Ha senso conservare luoghi testimoni del passato? In fondo, si vende anche perché un'esperienza possa continuare.

«Intanto bisogna avere consapevolezza del valore di quella esperienza. Di recente a Ventotene è stato commemorato l'europeismo di Altiero Spinelli: ci sono luoghi simbolici in Italia che andrebbero conservati e visitati, e non parlo soltanto di quelli legati alla storia del Pci. Il problema è la scomparsa di qualsiasi cultura politica. Penso per esempio ai socialisti: non vedo intellettuali all'altezza di quella storia con la sola eccezione di Giuliano Amato, peraltro contestato da molti. Anche Silvio Berlusconi all'inizio della sua presunta rivoluzione aveva fatto bene a valorizzare alcuni intellettuali liberali, ma oggi se n'è persa traccia».

Lei quali edifici storici avrebbe conservato?

«Senz'altro le Frattocchie. E poi i luoghi di Gramsci: un tour sarebbe molto istruttivo. Gramsci fu un intellettuale complesso, profondamente inserito nella storia d'Italia. In Toscana ed Emilia Romagna bisognava mantenere vive alcune Case del popolo, anche parlando con gli anziani del posto che per fortuna non sono stati rottamati del tutto. Anche una cultura orale è utile per aiutare la memoria».
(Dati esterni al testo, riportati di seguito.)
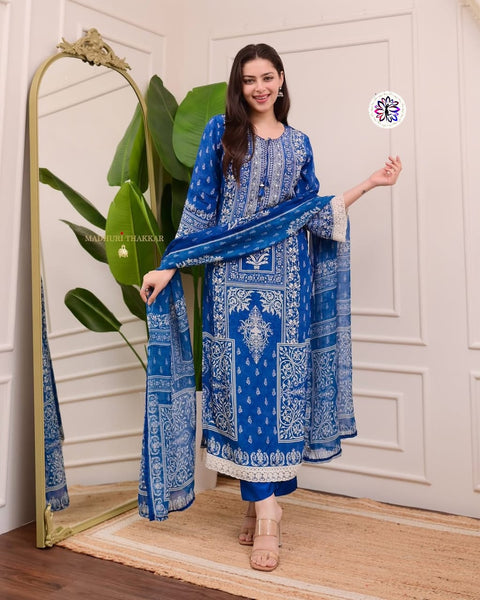 Pakistani Suit Heavy Work Design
La destra può visitare il Vittoriale di D'Annunzio.

«Il quale fu un personaggio originale, ma non gli attribuirei una vera cultura politica. Non solo i comunisti hanno cancellato le loro radici: Benedetto Croce è un altro grande dimenticato. Ed è inutile chiedersi quale sia la cultura politica dei Cinque stelle.

Se non c'è una cultura politica con cui confrontarsi non c'è l'interesse al pensiero, alla riflessione. Un tempo si diceva: politique d'abord. La politica innanzitutto. Oggi siamo al gossip d'abord. Non ci resta che il pettegolezzo».